> _ACTIVITY_
Repeat all of the data word for word so that only the pictures are missing from the copy.

[[ EXERCISE INPUTS, beginning ]]

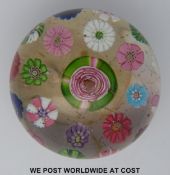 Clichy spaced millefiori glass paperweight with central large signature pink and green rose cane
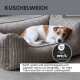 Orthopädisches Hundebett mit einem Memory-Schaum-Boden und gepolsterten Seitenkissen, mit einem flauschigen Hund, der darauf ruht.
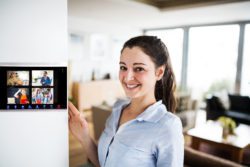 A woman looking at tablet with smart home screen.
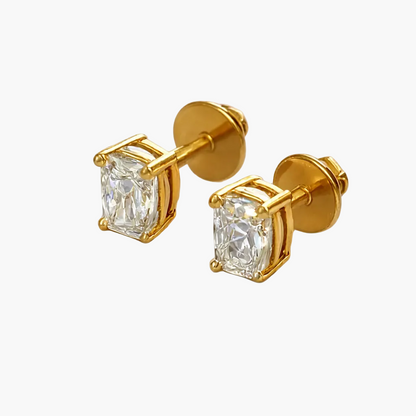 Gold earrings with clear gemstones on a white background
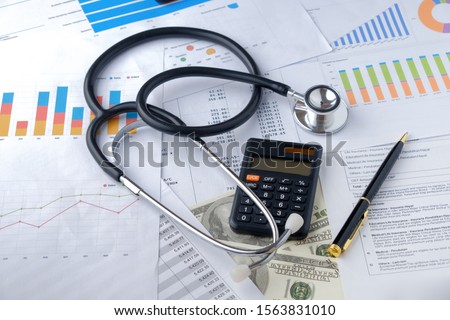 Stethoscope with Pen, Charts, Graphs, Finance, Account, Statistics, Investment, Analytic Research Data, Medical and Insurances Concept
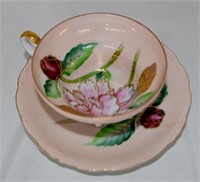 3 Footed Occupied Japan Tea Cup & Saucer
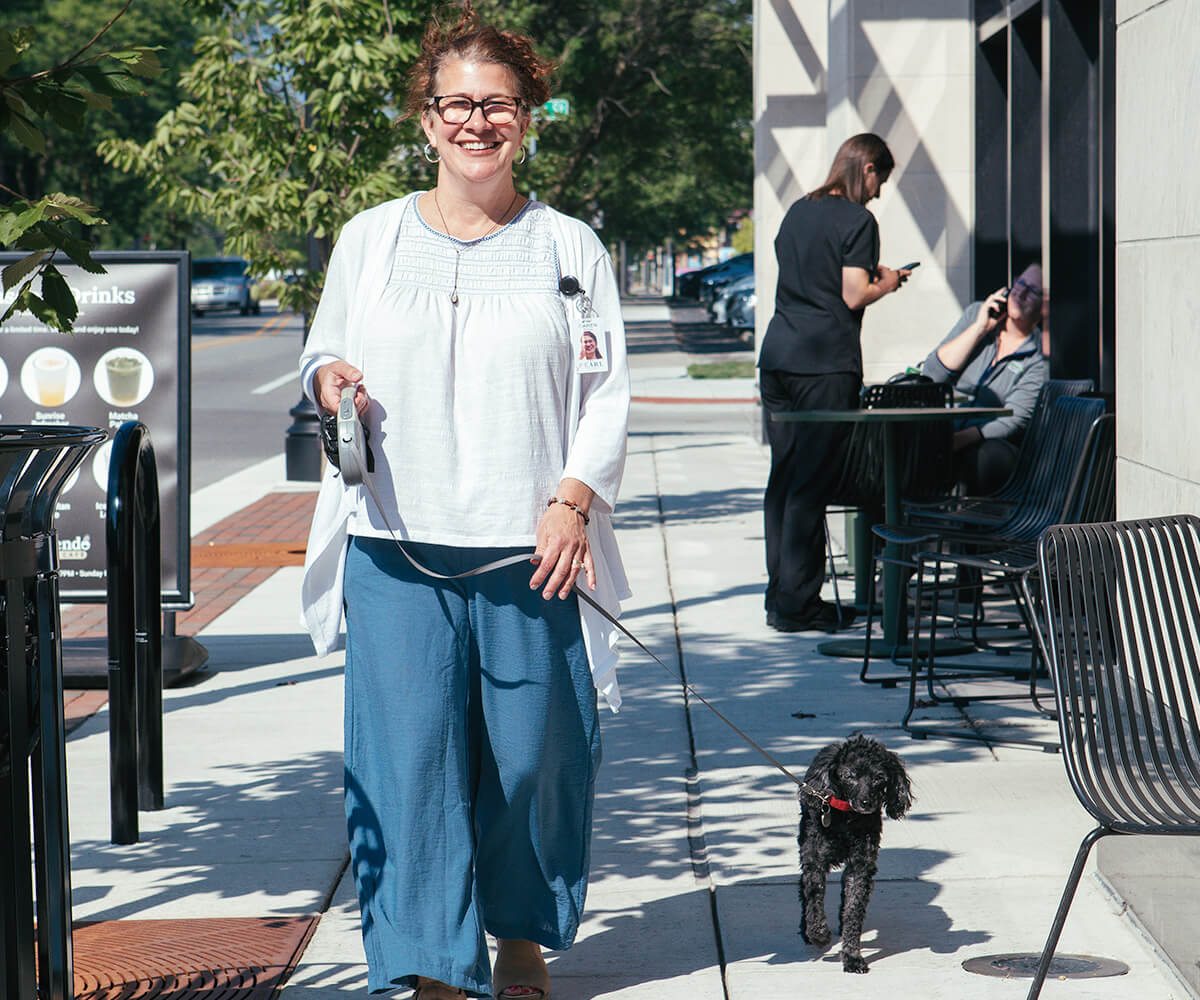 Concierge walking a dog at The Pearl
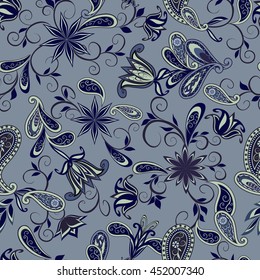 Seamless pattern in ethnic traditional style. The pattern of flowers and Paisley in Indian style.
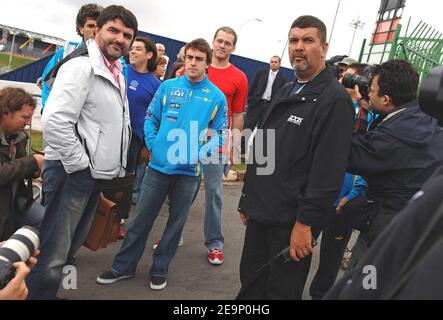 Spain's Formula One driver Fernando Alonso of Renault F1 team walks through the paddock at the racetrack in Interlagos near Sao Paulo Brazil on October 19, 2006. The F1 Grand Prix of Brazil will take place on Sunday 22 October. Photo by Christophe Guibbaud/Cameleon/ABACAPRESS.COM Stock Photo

[[ EXERCISE INPUTS, end ]]

> _SOLUTION_
 Clichy spaced millefiori glass paperweight with central large signature pink and green rose cane
 Orthopädisches Hundebett mit einem Memory-Schaum-Boden und gepolsterten Seitenkissen, mit einem flauschigen Hund, der darauf ruht.
 A woman looking at tablet with smart home screen.
 Gold earrings with clear gemstones on a white background
 Stethoscope with Pen, Charts, Graphs, Finance, Account, Statistics, Investment, Analytic Research Data, Medical and Insurances Concept
 3 Footed Occupied Japan Tea Cup & Saucer
 Concierge walking a dog at The Pearl
 Seamless pattern in ethnic traditional style. The pattern of flowers and Paisley in Indian style.
 Spain's Formula One driver Fernando Alonso of Renault F1 team walks through the paddock at the racetrack in Interlagos near Sao Paulo Brazil on October 19, 2006. The F1 Grand Prix of Brazil will take place on Sunday 22 October. Photo by Christophe Guibbaud/Cameleon/ABACAPRESS.COM Stock Photo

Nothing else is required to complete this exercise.